An exemplar response should include the following structural elements:

1. **Core Retrieval and Layering (AO1)**: Explain that ice cores are drilled from stable ice sheets (e.g., Antarctica, Greenland) where annual layers of snowfall compress over hundreds of thousands of years, creating a chronological archive.

2. **Atmospheric Composition - Gas Bubbles (AO1/AO2)**: Describe how air bubbles trapped during compaction preserve actual samples of the ancient atmosphere. Explain that analyzing these bubbles allows direct measurement of greenhouse gas concentrations (such as $CO_2$ and $CH_4$) over timescales of up to 800,000 years.

3. **Temperature Reconstruction - Oxygen Isotopes (AO1/AO2)**: Detail the mechanism of oxygen isotope analysis (paleothermometry). Explain that the ratio of $^{18}O$ to $^{16}O$ in ice molecules varies with air temperature. During colder glacial periods, lighter $^{16}O$ evaporates more easily and is transported to poles, leaving ocean water enriched in $^{18}O$ and snow/ice relatively depleted in $^{18}O$. Thus, a lower $^{18}O/^{16}O$ ratio in ice indicates colder polar temperatures.

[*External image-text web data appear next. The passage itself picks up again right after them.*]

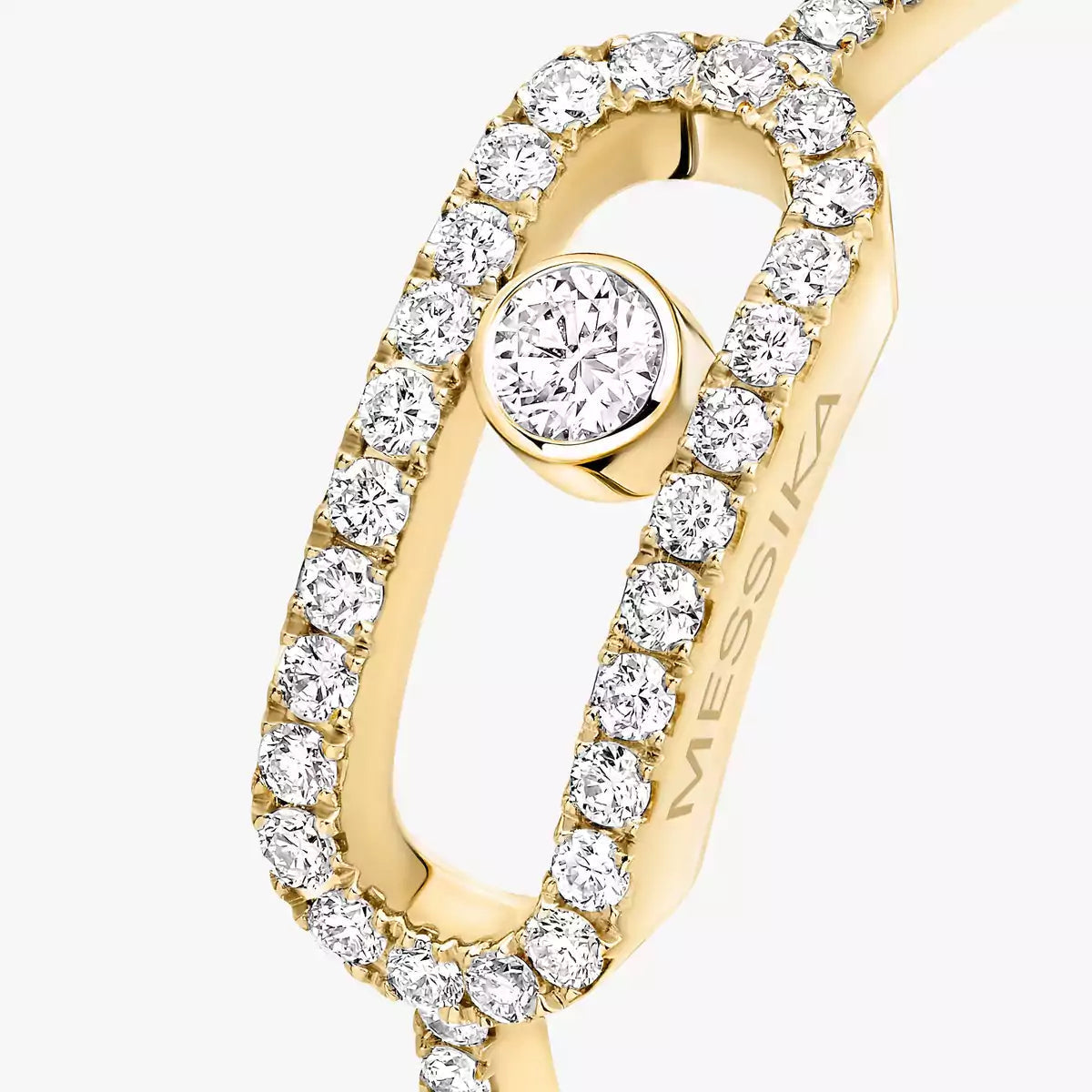 [Veyra Jewelry]Move Uno Diamond Ring in Gold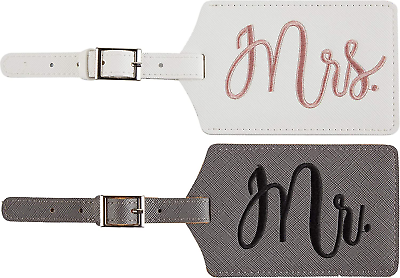 #ad Wedding Gifts Mr and Mrs Gifts Luggage Tags Bridal Shower Gifts Honeymoon Vacati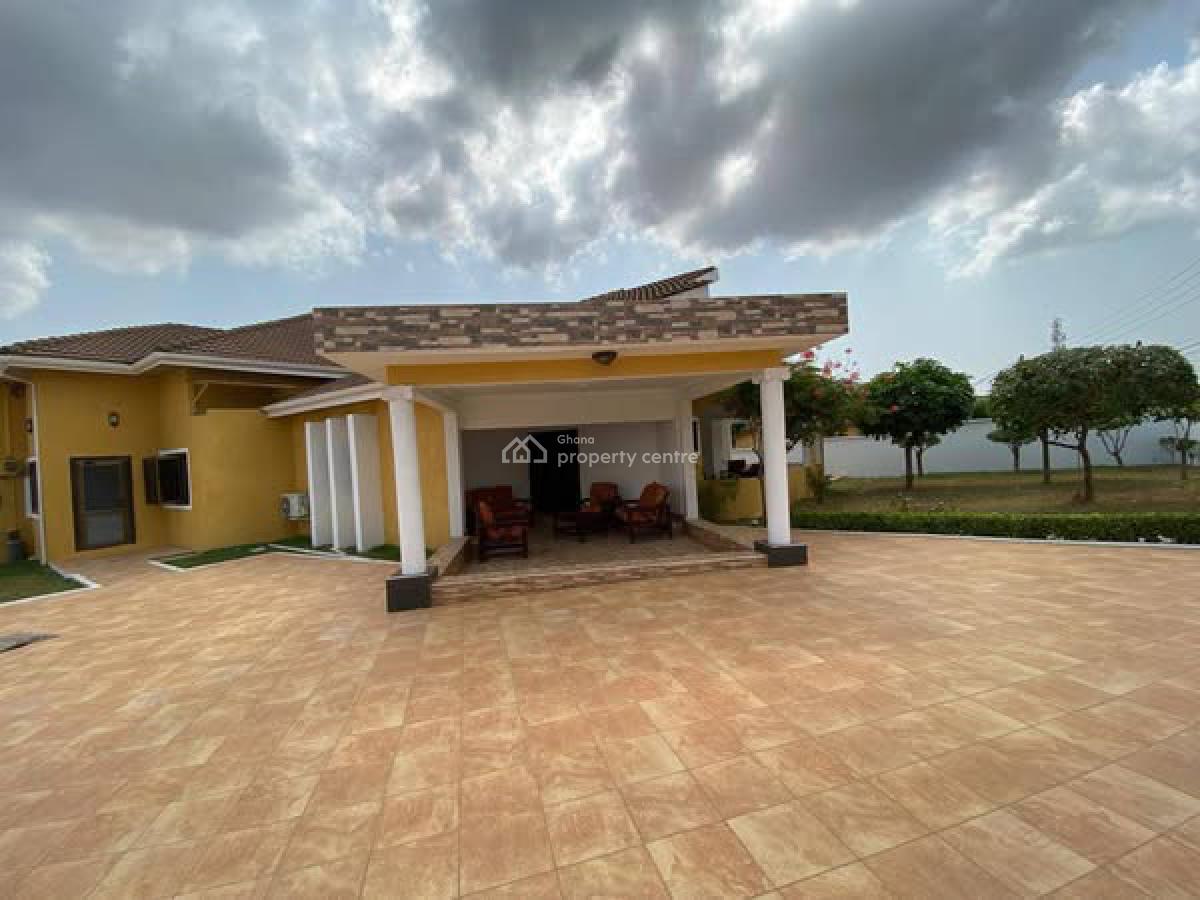 Executive 6 Bedroom, East Airport, Airport Residential Area, Accra, House for Sale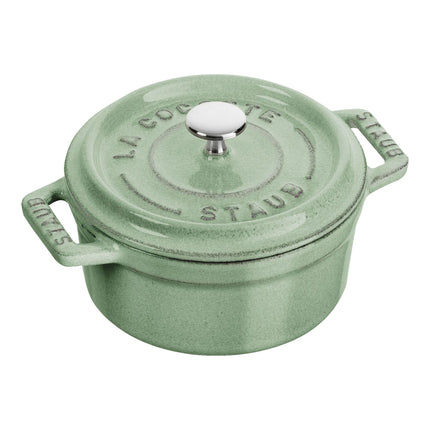 Staub La Cocotte 250 ml cast iron round Mini cocotte
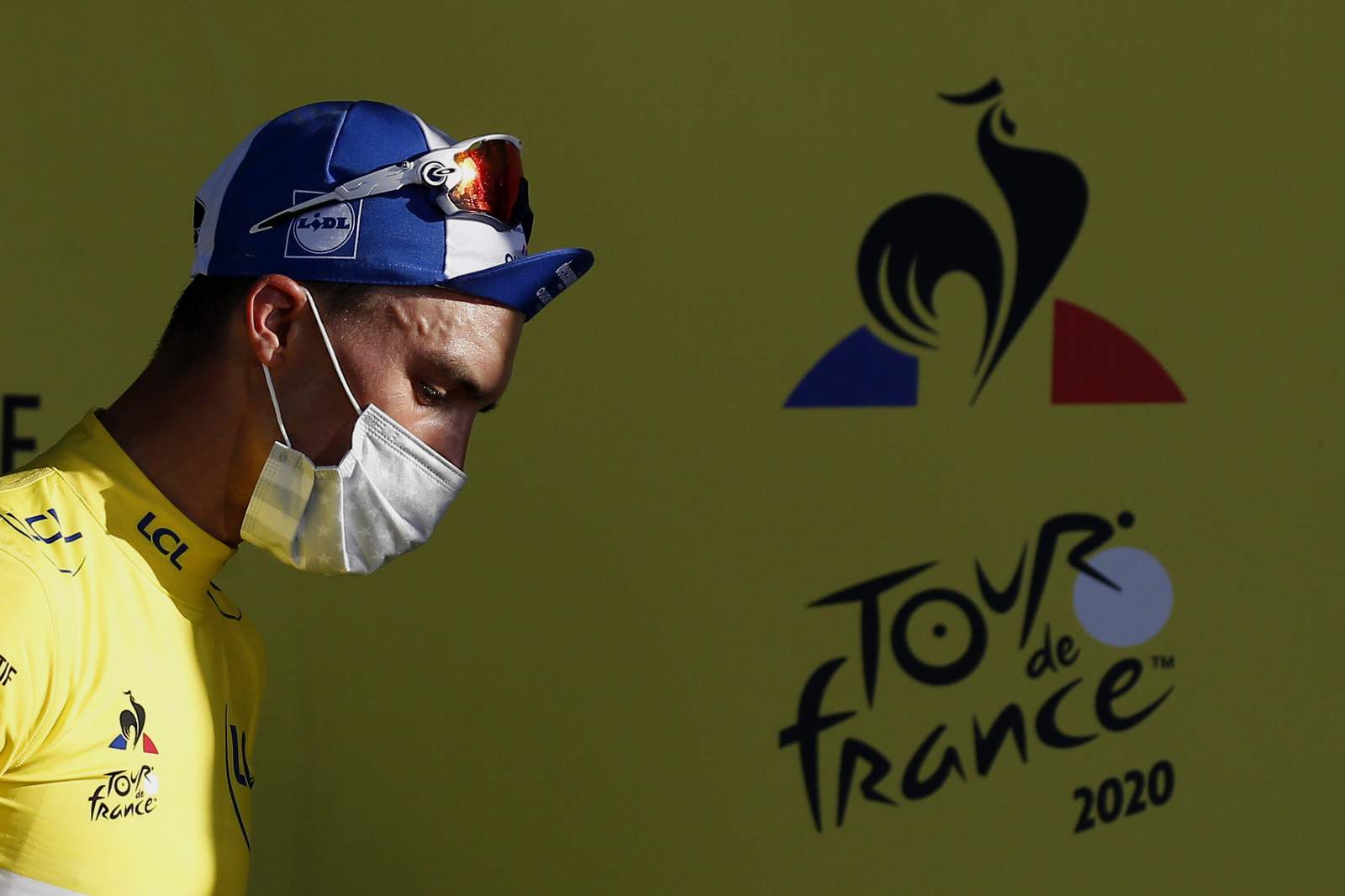 For his father: A poignant Alaphilippe win at Tour de France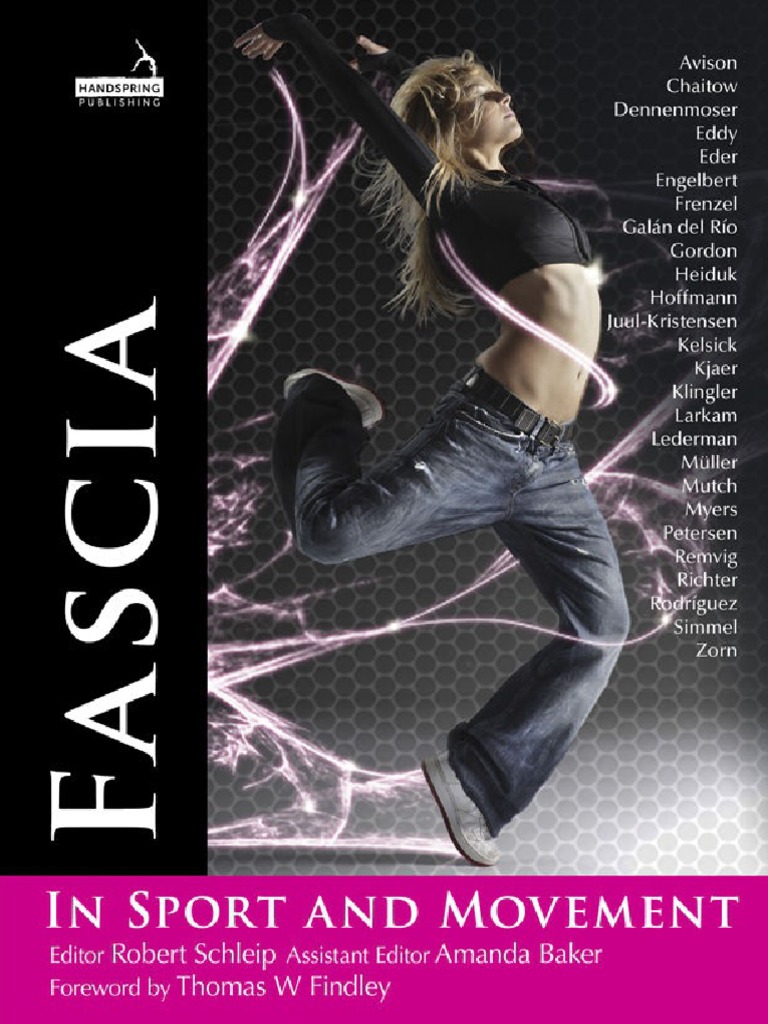 Fascia in Sport and Movement Nodrm PDF Extracellular Matrix Tendon
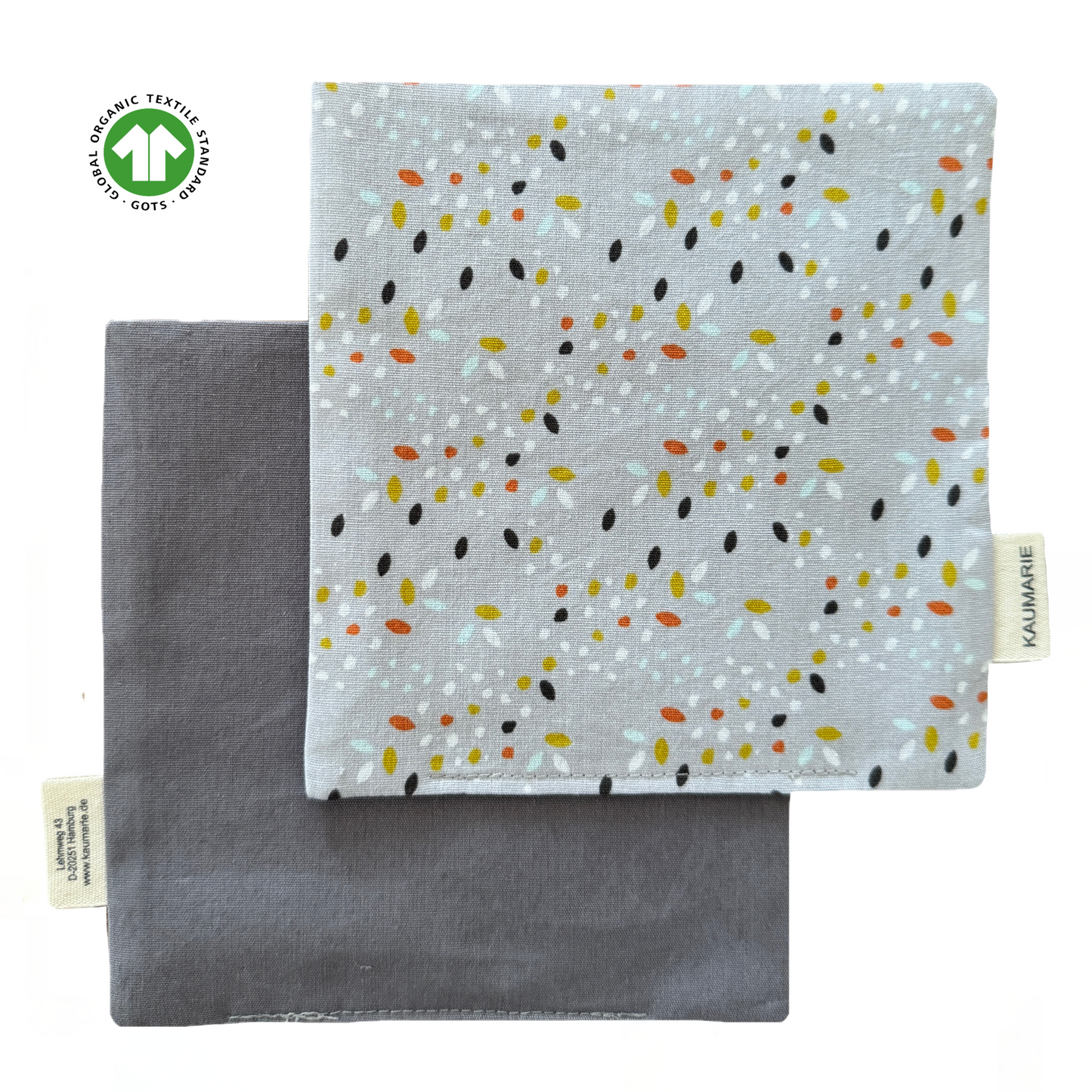 Set: BIO KAUMARIE Cleo + BIO Knistertuch Alfred
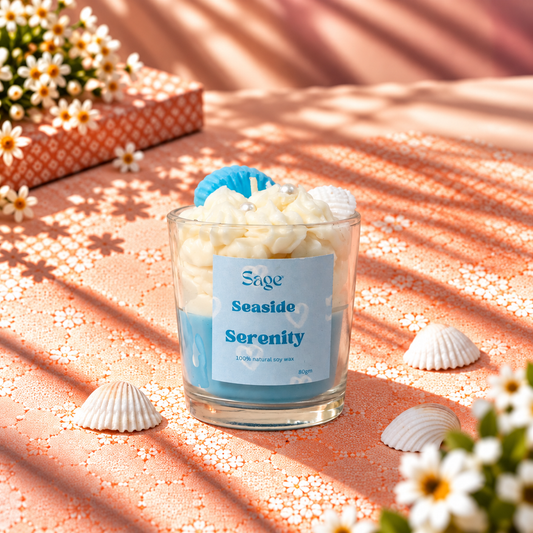 Seaside Serenity Small Jar Candle
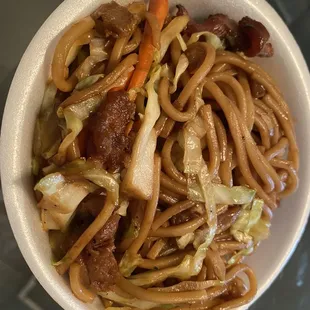 Chicken Yakisoba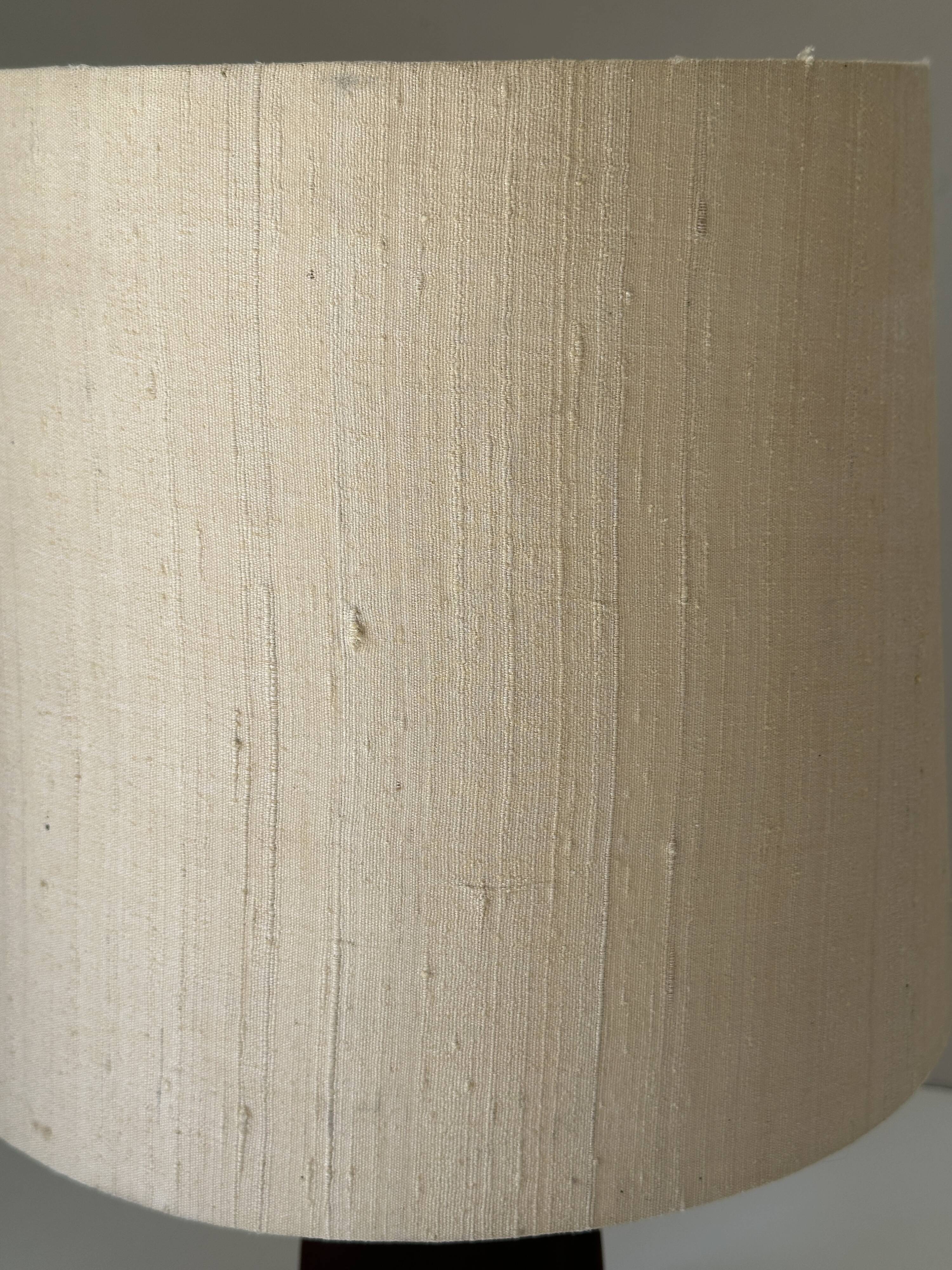 Vintage teak lamp, 60s design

4. **Dating and Volcanic Markers (AO1)**: Mention that impurities like volcanic ash (tephra) and dust help verify chronological dates and point to historical volcanic eruptions, which cause short-term global cooling.

Marking scheme

This question assesses both AO1 (Knowledge and understanding of methods used to reconstruct past climates) and AO2 (Application of knowledge to explain how these methods reconstruct temperature/atmosphere).

**Level 3 (5–6 marks)**:
- Demonstrates detailed, accurate, and coherent geographical knowledge of ice core proxy data (AO1).
- Offers a clear, logically structured explanation of how both atmospheric composition (gas bubbles) and temperature (oxygen isotopes) are reconstructed (AO2).
- Uses appropriate geographical terminology (e.g., isotopes, paleothermometry, compaction).

**Level 2 (3–4 marks)**:
- Demonstrates reasonable knowledge of ice core proxy data (AO1).
- Explains at least one of the mechanisms (gas bubbles or isotopes) clearly, but the other may lack depth or contains minor inaccuracies in the isotopic fractionation explanation (AO2).
- Structure is mostly clear with some appropriate terminology.

**Level 1 (1–2 marks)**:
- Demonstrates basic or fragmented knowledge of ice cores (e.g., stating only that they have 'air bubbles' or 'ice layers') (AO1).
- Explanation of how this reconstructs past climate is descriptive, brief, or missing clear mechanisms (AO2).
- Limited use of technical terminology.

Question 3 · Data calculation

4 marks

Table 1 shows employment data for Region X and the national economy of Country Y. In Region X, employment in agriculture is 12,400 out of a total regional employment of 80,000. Nationally, employment in agriculture is 320,000 out of a total national employment of 6,400,000. Using the formula: $LQ = \frac{e_i / e}{E_i / E}$ (where $e_i$ is regional employment in agriculture, $e$ is total regional employment, $E_i$ is national employment in agriculture, and $E$ is total national employment), calculate the Location Quotient (LQ) for agricultural employment in Region X. Show your workings and express your final answer to two decimal places.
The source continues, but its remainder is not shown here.